NONMARXIAN   SOCIALISM

Socialist  Controversy 

 


  2.
Early Beginning: Pierson vs. Kautsky   
 

Oldrich Kyn and Drago Fiser
 

 

First signes of the controversy appeared when the Dutch economists N.G. Pierson claimed that socialism cannot work. (Hayek [1], p. 27—28) The top Marxist theorist of that time, Karl Kautsky took the chalenge and in his Lecture of April 2, 1902 speculated  about „the Morning after Revolution“.Kautsky broke the traditional silence of Marxists about the concrete forms of the organization of the socialist economy, and said that because of the need to preserve the free choice of consumer goods as well as free choice of jobs, money and prices must still exist.

He said: „ Money is the simplest tool we know that allows circulation of goods and distribution to individual people in such a complex mechasnism as the contemporary process of production with extremely detailed divission of labor. (Kautsky , p. 129; qouted by Lange , p. 139.)

 

Elswhere Kautsky wrote: “Because workers cannot be assigned jobs in various industries against their will as in the army, it can happen, that too many workers would want to work in a certain industry, while there would be shortage of labor in some other.  The necessary equilibrium can be then obtained only by cutting the wages in those industries, where there is too many workers and increasing them in the industries where there is shortage...“ .“(Kautsky , pp. 134 - 135, cit, from Lange, p. 139.)

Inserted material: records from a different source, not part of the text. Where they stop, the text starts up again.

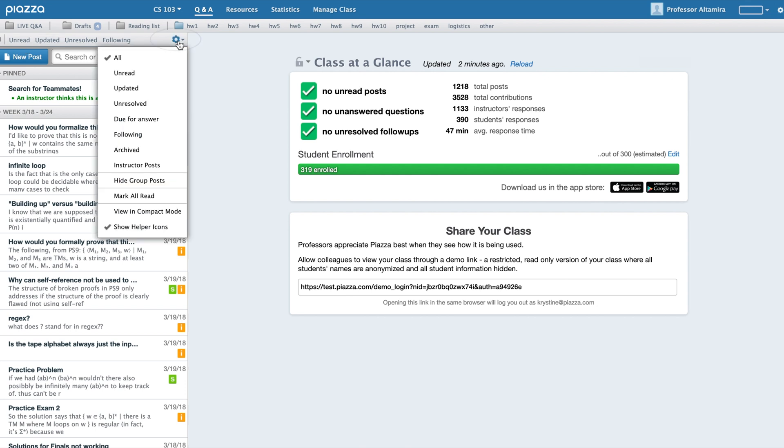Clicking on the gear icon above your feed will reveal a drop-down, which gives you access to these filters I've mentioned, as well as some additional ones, like showing only posts made by instructors.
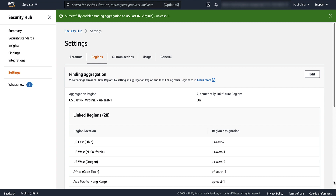You can view the configuration from any region. However, you can only update the configuration from the aggregation region.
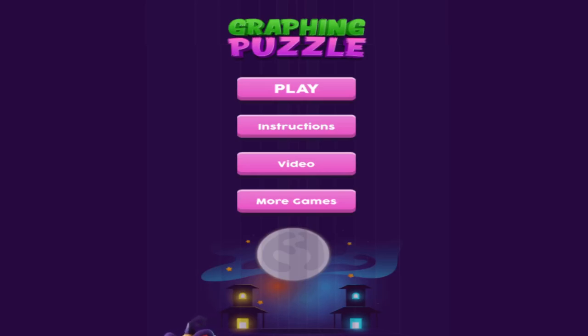Hi, this is Tommy Hall with MathNook.com and I'm here to give a quick overview on the Halloween version of our graphing puzzle game.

However, Kautsky did not write anything about the way socialist society would plan the production (Lange, p. 139).  This might have been the reason why Hayek stated that Kautsky was unawere of problems that were clear to economists. (Hayek, pp. 27 – 28) Kautski’s Lecture allowed Pierson to demonstrate that socialism cannot get rid of the value problem. „Value problem? This words may surprise many readers,....who think that if socialism was established, the value and therefore also the value problem would disappear.  Everything would then be just a technical matter. This view is today widespread.... but it is very wrong.“ (Pierson, pp. 43 – 44.)

 

 It is interersting, that Pierson arguments are primarily about the problems of foreign trade and distribution of income. In the case of distribution, he points out that only net income can be distributed. But how can one calculate net income without valuation. It is not posible to subtract physical quantities of inputs from the physical quantity of output. For example in the textile industry one cannot subtract quantities of cotton, coal, etc. From square meters of the produced cloth. It is only possible to subtract value of used cotton, coal, etc. from the value of produced cloth.  Without valuation it is not possible to know, how much of net income was really created, therefore, it is also not possible to correctly distribute this unknown net income to workers, managers, accumulation funds, etc. without making serious errors.

 And valuation is also needed for many other tasks, that have to be solved in the economy. Another argument of Pierson is about the diversity of peoples preferences.  If the government would want to distribute consumer goods directly in physical units, it would have to use some system of coupons.  It would need to assign people to various groups that would receive the same quotas of coupons, but even then it can hardly be assumed that all the people within certain group have exactly the same preferences. As a result people would start trading some coupons for others and the market exchange reappears. (Pierson, p. 75.)

 

 The WWI contributed to reappearance or strengthening the views that it is possible to centrally direct the whole economy in physical units without market.  Lenin, Bukharin, Preobrazhensky and some other Soviet economists clearly believed in such a possibility during the period of War Communism.

 

 

This belief was based not only on their theoretical views, but also on observations of the government controls instituted during the war especially in Germany. They did not realize that such controls were due to enormous shortages caused by the war, and that they would be impossible or at least highly inefficient under the normal situation in peace time

The similar views appeared also among some West European socialists. For example in 1925 was published a book of O. Neurath (1882 - 1945) in which the author argues that the war experience proved that it is possible to plan and control the economy in physical units without the use of value. 

 

   Also the well known leader of Austrian Social Democrats, Otto Bauer (1881 - 1938), believed at that time in possibility of the central control of the economy without value and prices.